From 'holding' firm, Flipkart turns into 'private' firm for buyout by Walmart
Flipkart, in a regulatory filing, informed ACRA that it concluded a second buyback of shares from a set of its investors for $350.46 million in a transaction that closed on April 27.
The documents filed by Flipkart for regulatory approvals reveal that India's e-tailer major has turned into a private company from a holding firm, ostensibly for a strategic buyout soon by the world's largest retail giant Walmart Inc.
"Documents filed by Flipkart with the Singapore's Accounting and Corporate Regulatory Authority (ACRA) indicate that the holding company has become a private firm - Flipkart Pte Ltd in Singapore where it is registered," news agency IANS quoted business intelligence platform Paper.vc Founder Vivek Durai as saying.
Flipkart, in a regulatory filing, informed ACRA that it concluded a second buyback of shares from a set of its investors for $350.46 million in a transaction that closed on April 27.
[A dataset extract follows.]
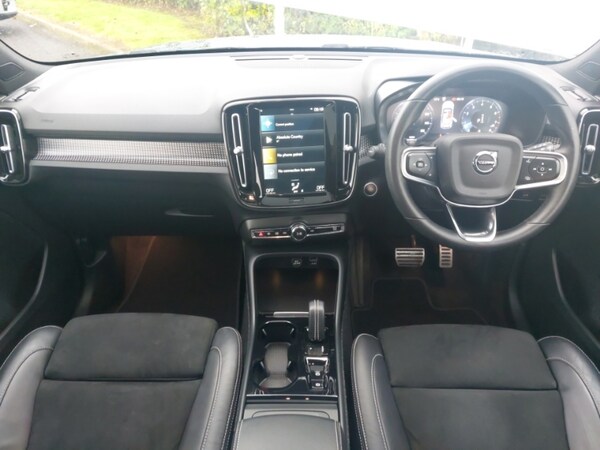 Used Volvo XC40 2021 for sale - 76160691: Photo 2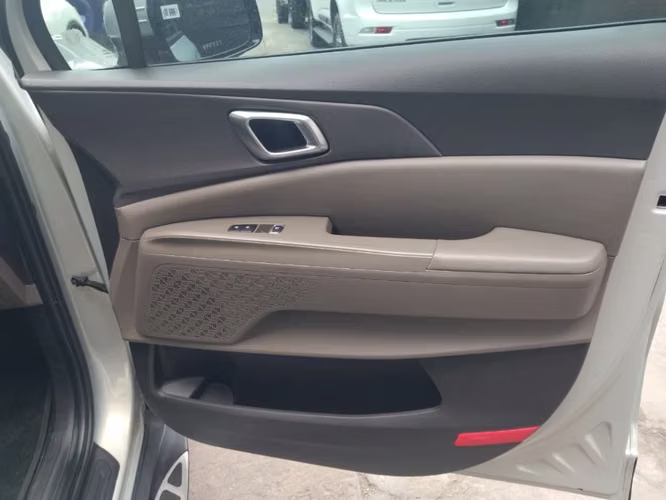 Kia Carnival 2.2 EX DIESEL 4X2 8AT 5P 2025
"The buyback and the subsequent conversion to private company status appear to be part of a series of steps aimed at easing a proposed acquisition by Walmart," IANS quoted Chennai-based Durai as saying.
Though the buyback was on April 27, Flipkart filed the documents on May 3. It has obviously paid from the $2.5-billion funds it raised from Soft Bank Vision Fund, Microsoft, E-Bay and other investors last year.
"The buyback will enable the e-commerce giant to bargain for a favourable deal with the US-based Walmart, which is eyeing a majority or controlling equity stake in it to foray into the multi-billion-dollar Indian retail space," a market analyst told IANS earlier.
The e-commerce major purchased 18,95,574 redeemable preference shares and 1,74,319 non-redeemable preference shares for $350.46 million from a set of investors in a transaction that closed on April 27.
The decade-old firm's first buyback of shares was on December 7, 2017 when it spent a whopping $869.15 million to buy 72,83,175 redeemable preference shares and 23,01,456 non-redeemable preference shares at $85.3 per share.
"As the company needs to have 50 shareholders to become a private entity, 94 of the 144 shareholders would have exited in the twin buyback rounds, while the remaining, would have partially (15-50 per cent) sold their equity stake," hinted Durai.
According to another analyst who declined to be named, Flipkart has converted into a private firm so that Walmart could come on board as a strategic investor for controlling stake after the exit of so many institutional and individual investors.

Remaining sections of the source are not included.